DATASET SECTION:
• • • • •

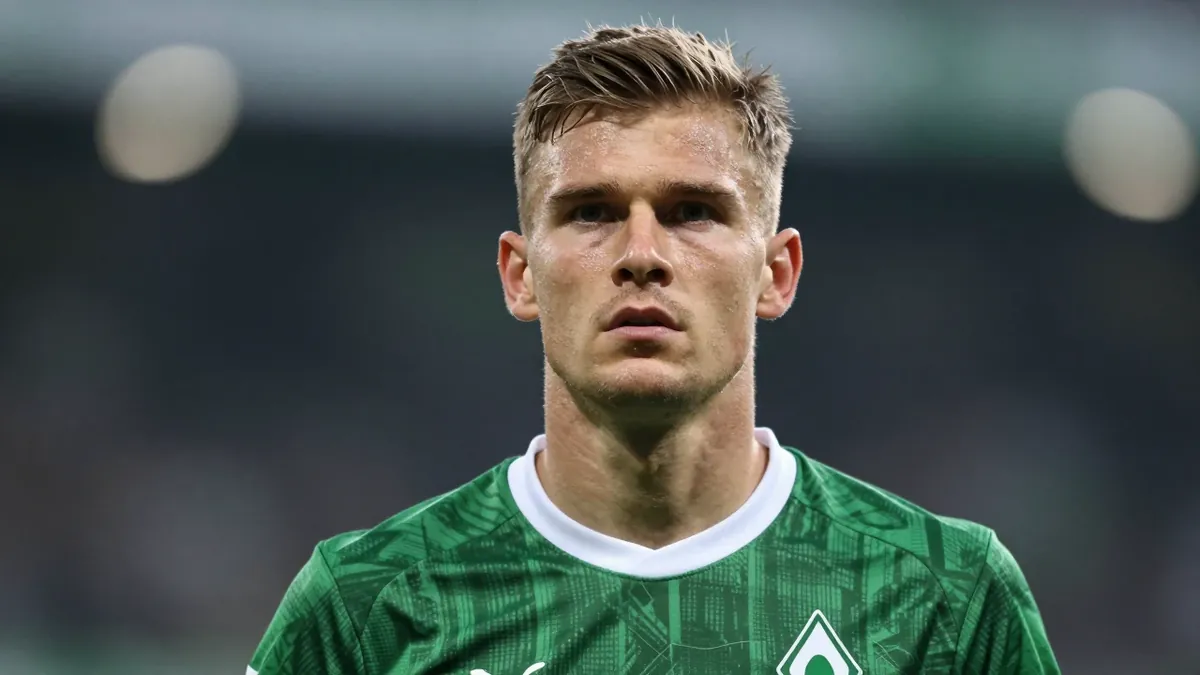 Nach der 1:4-Pleite in Freiburg holte Werder Bremen einen wichtigen 3:1-Heimsieg gegen RB Leipzig, angetrieben von einem...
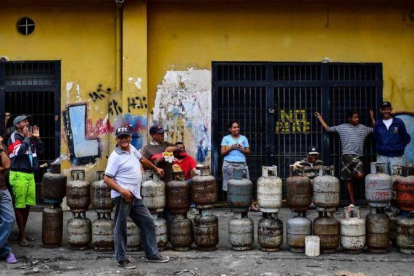 Ciudadanos hacen cola para para reemplazar los bidones de gas propano vacíos en el barrio Las Minas de Baruta, en Caracas, el 14 de marzo de 2019.-RONALDO SCHEMIDT AFP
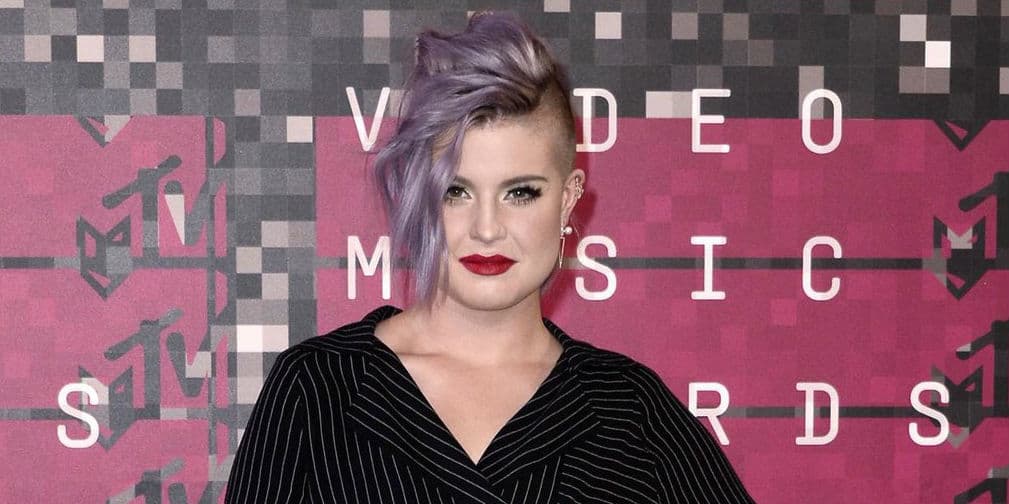 6. Kelly Osbourne: Tiene una voz con la cadencia que te calienta el alma y no puedes evitar cantar con ella.
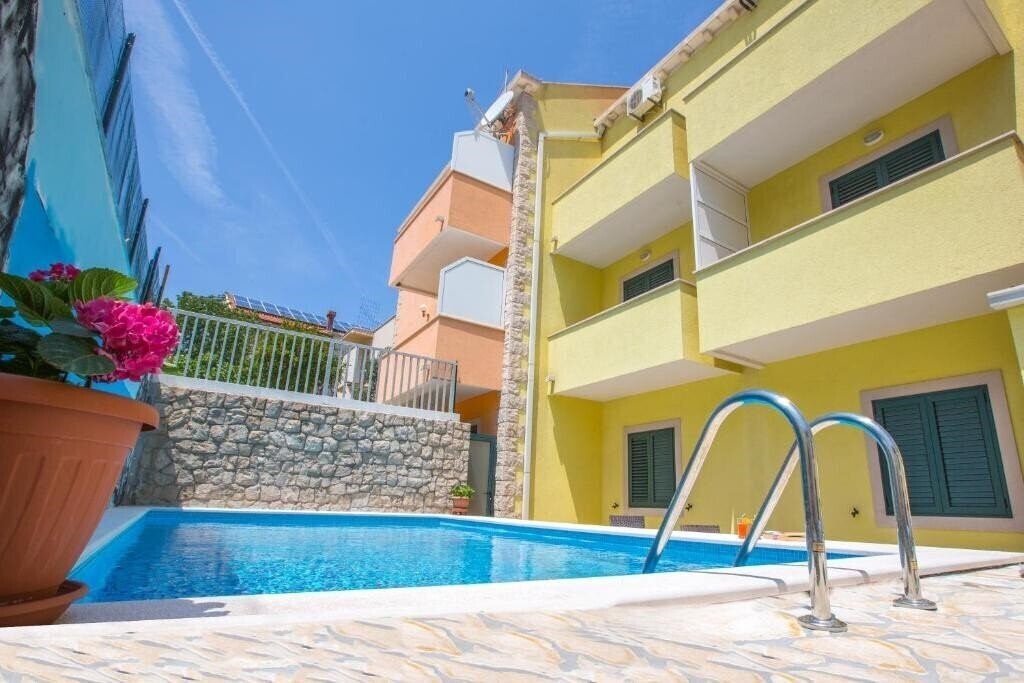 Отель Sunrise Apartments 3*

• • • • •

EXERCISE INSTRUCTIONS: Copy out all of the listing word for word, but skip the images.

SOLVED EXERCISE:
 Nach der 1:4-Pleite in Freiburg holte Werder Bremen einen wichtigen 3:1-Heimsieg gegen RB Leipzig, angetrieben von einem...
 Ciudadanos hacen cola para para reemplazar los bidones de gas propano vacíos en el barrio Las Minas de Baruta, en Caracas, el 14 de marzo de 2019.-RONALDO SCHEMIDT AFP
 6. Kelly Osbourne: Tiene una voz con la cadencia que te calienta el alma y no puedes evitar cantar con ella.
 Отель Sunrise Apartments 3*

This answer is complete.